Мои грустные размышления прервал Микки, воскликнув: «Ух ты!» — достаточно громко, чтобы привлечь внимание брюнетки и некоторых других.
Он ткнул пальцем в бумаги.
— Ты хоть понимаешь, что это такое?
— Типа того. Миранда читала письмо и объяснила, в чем его ценность, но я, конечно, не ученый и, соответственно, не чувствую трепета.
— Миранда Келлог? Она видела это? — Он, казалось, слегка расстроился.
— Ну да. Она ведь законная владелица оригинала.
— Но сейчас он хранится у тебя?
Ну, я объяснил ему, что произошло за последние двадцать четыре часа. Он выглядел ошеломленным.
— Это ужасно! Самая настоящая катастрофа!
— Да, я тоже переживаю из-за нее.
— Нет, я имею в виду рукопись, оригинал, — заявил он с бессердечием, достойным юриста. — Без него это не имеет никакой цены. — Он похлопал по кипе бумаг. — Господи, мы должны ее вернуть! Ты понимаешь, что поставлено на кон?
— Мне уже не раз задавали этот вопрос, и ответ таков: вообще-то нет. Что здесь такое — тяжелая артиллерия, которая может быть применена в каком-то литературном споре?
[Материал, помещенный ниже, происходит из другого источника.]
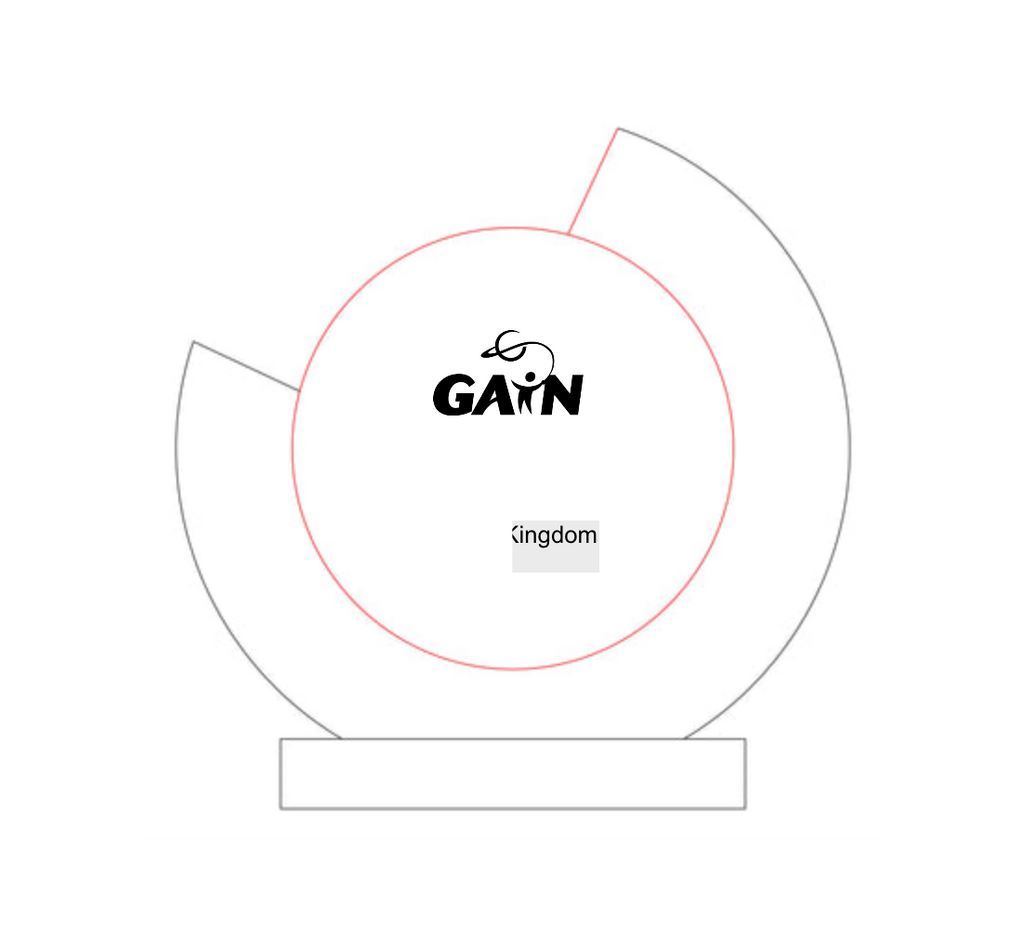 Glas-Holztrophäe 164-51 - 28 cm / Tranparent/Braun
Мой тон прозвучал холодно, но он этого не заметил. Передо мной был новый Микки — уже не отрешенный джентльмен-ученый, с восхитительным презрением относившийся к потугам своих собратьев вскарабкаться по скользким ступеням академической карьеры. В глазах у него пылал огонь. И этот новый Микки принялся разглагольствовать о колоссальной академической ценности скучнейшего рассказа м-ра Брейсгедла. Я слушал примерно так, как если бы он описывал детали сложной и утомительной хирургической операции. Наконец я прервал его.
— Это что, так важно — был Шекспир католиком или нет?
— Шекспир мог быть кем угодно, но важно узнать кем. Я уже разжевывал тебе все это. Нам почти ничего не известно о внутренней жизни величайшего писателя в истории человеческой расы. Послушай… всего один пример из тысячи, и ты все поймешь. Недавно некая женщина написала книгу; она ученый-любитель, но изыскания провела немалые. И в этой книге она утверждает, будто почти все собрание сочинений Шекспира, в особенности пьесы, есть не что иное, как искусно закодированное оправдание католицизма и призыв к тогдашнему монарху облегчить тяжкую судьбу английских католиков. То есть она приводит буквально сотни примеров неортодоксального толкования пьес, подтверждающих ее теорию, и также высказывает гипотезу, что именно защитой могущественного влияния лордов-католиков объясняется тот факт, что Шекспира не призвали к ответу, хотя он и написал эти без труда читаемые кодированные послания. То есть такая сложная оригинальная концепция, объясняющая почти все в сочинениях Шекспира. Что скажешь?